During our Sunday lesson on Mental Health and the Gospel, my husband pulled out and read a scripture that we hadn’t initially discussed together.
It was from the Book of Mormon, more specifically the book of Mormon (ha!), chapter 8, verse 16. In context, this verse refers to the scriptures being brought forth in our day, but he obviously compared it to mental health and mental illness.
16 And blessed be he that shall bring this thing to light; for it shall be brought out of darkness unto light, according to the word of God; yea, it shall be brought out of the earth, and it shall shine forth out of darkness, and come unto the knowledge of the people; and it shall be done by the power of God.
For our purposes, let’s focus on a few key phrases.
“blessed be he that shall bring this thing to light”
Mental illness is often kept in the shadows. Thanks to pride, fear, and the prevalence of stigmas against the mentally ill and mental illness in general, it’s not usually something that people are open about. I like this idea that it is a blessing to bring our mental health issues to light. Once they are in the light, we can get the appropriate care and feel more confident in who we are.
“for it shall be brought out of darkness unto light”
Having a mental illness does not mean that we have to live in darkness. Often, the mental illness itself will tell us that we are alone, that no one understands us, and that we ought to feel secluded and hopeless. But we do not have to allow the mental illness to lie to us. We can make the choice to move out of darkness and into the light. Get over the idea that it takes so much courage. It just takes a step. And maybe another step. In fact, take as many steps as you need. But don’t feel like you aren’t brave enough to be in the light. Just do it and see what happens.
“and it shall shine forth out of darkness, and come unto the knowledge of the people”
Don’t let your mental health fester in the dark. Let it shine forth. This may seem a little weird, letting a mental illness “shine forth out of darkness.” For a long time, I considered my OCD something awful, something I wished I could erase from my life somehow.
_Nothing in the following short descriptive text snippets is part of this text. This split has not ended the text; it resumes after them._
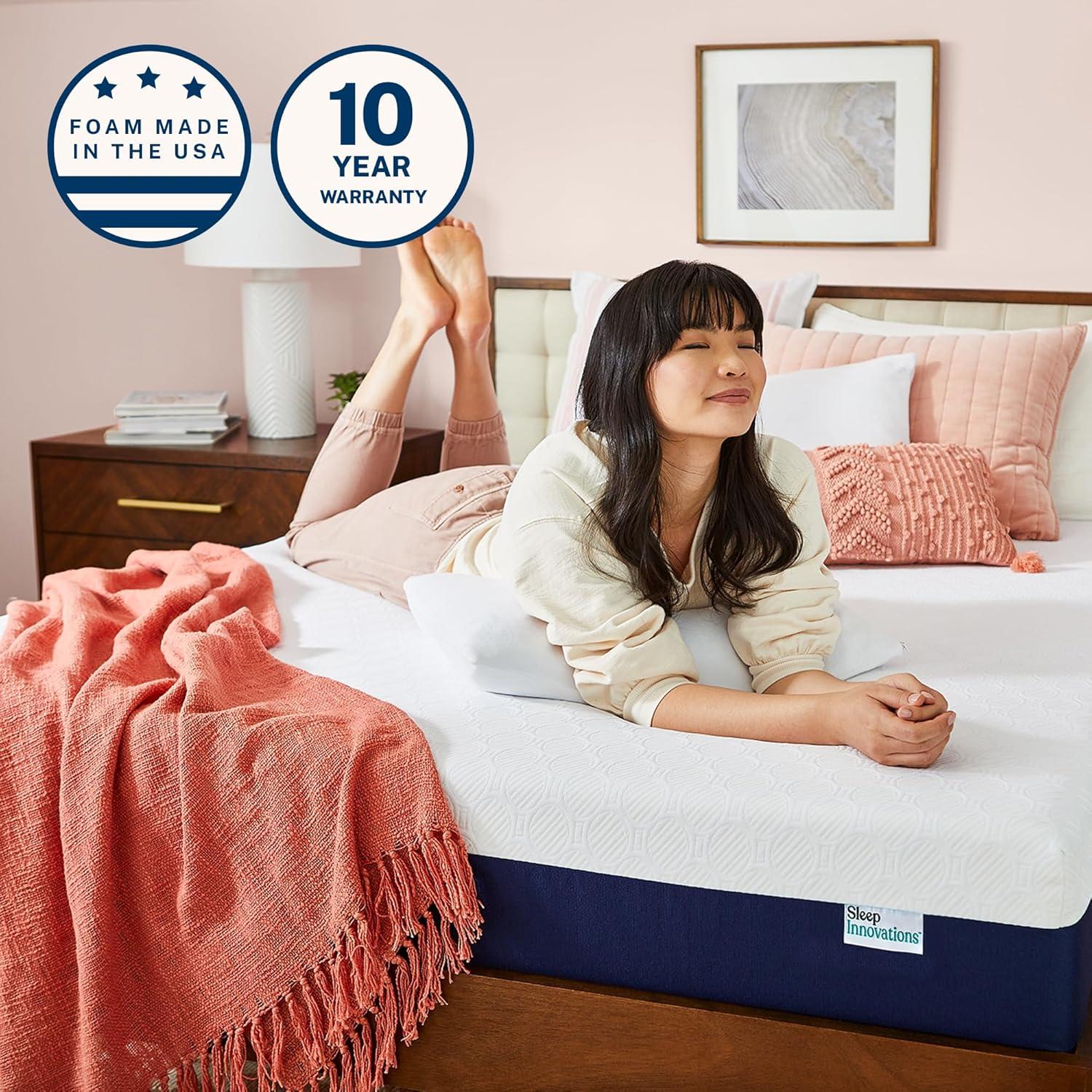 Sleep Innovations Shiloh 12" Medium Memory Foam Mattress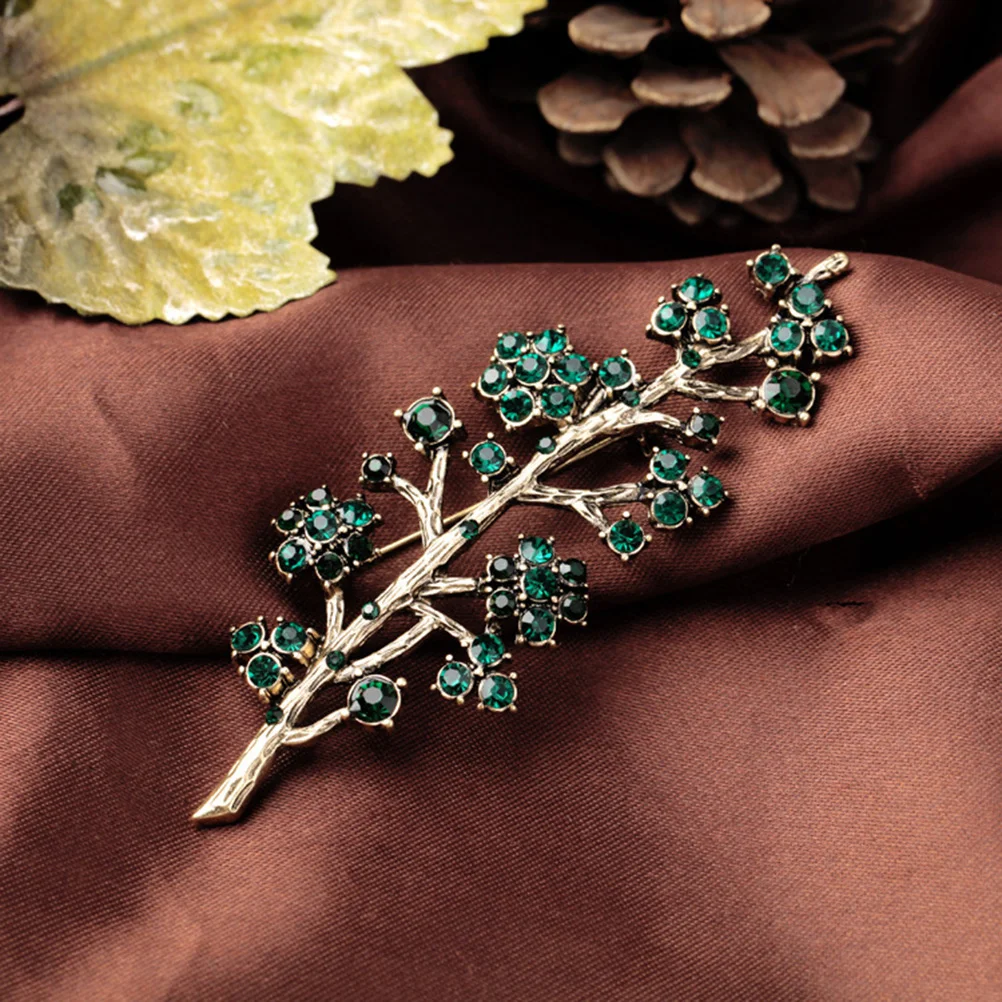 

Lady Parts Creative Brooch Women Pin Brooche Branch Enamel Badges Accessory Leaf Brooch Hat Decorations Miss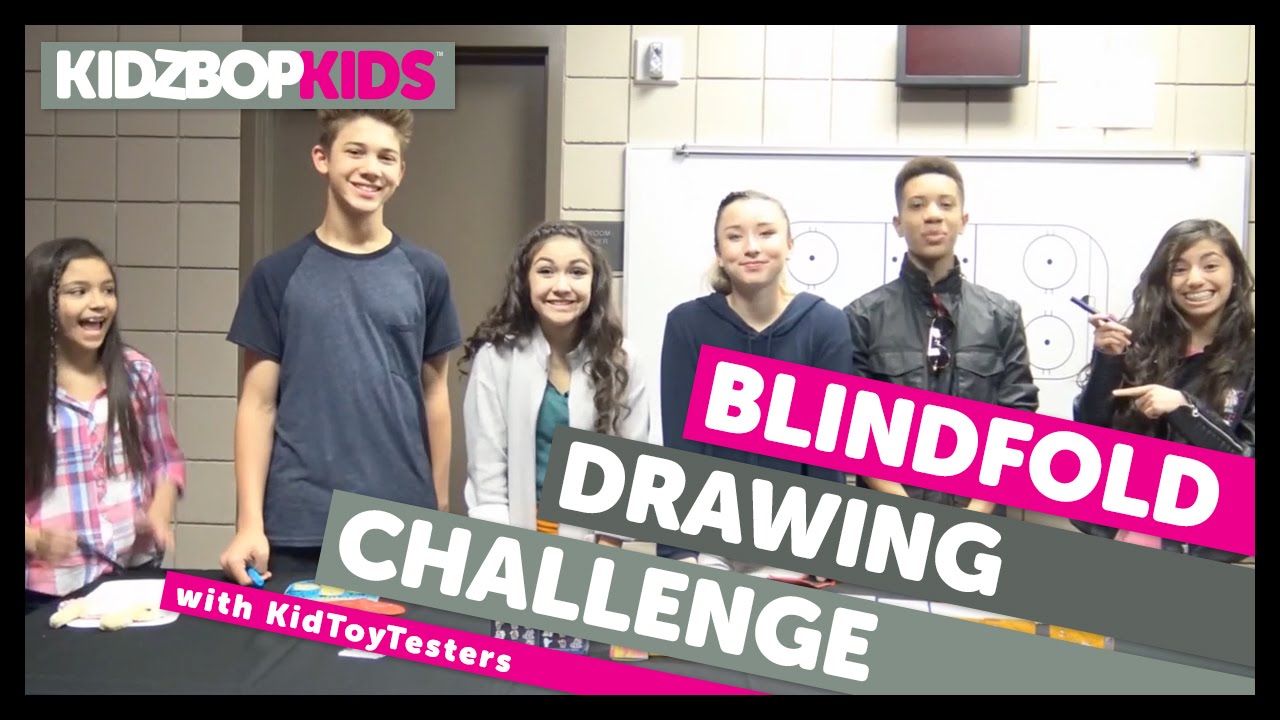 KIDZ BOP Kids - Blindfold Drawing Challenge with KidToyTesters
I mean, I still don’t love it, obviously. It’s the worst. But it is something that has brought me amazing opportunities to help others and use my other talents and gifts in a positive way. (See: this blog, my articles on the Mighty, the lesson we gave in Church, etc.).
We can see our challenges and even our mental health as something that ought to be hidden away, ignored, and simply gotten over, or we can bring them “out of darkness” and let them “shine forth” and show us how we can move forward and help others and ourselves. The choice is ours. It always is.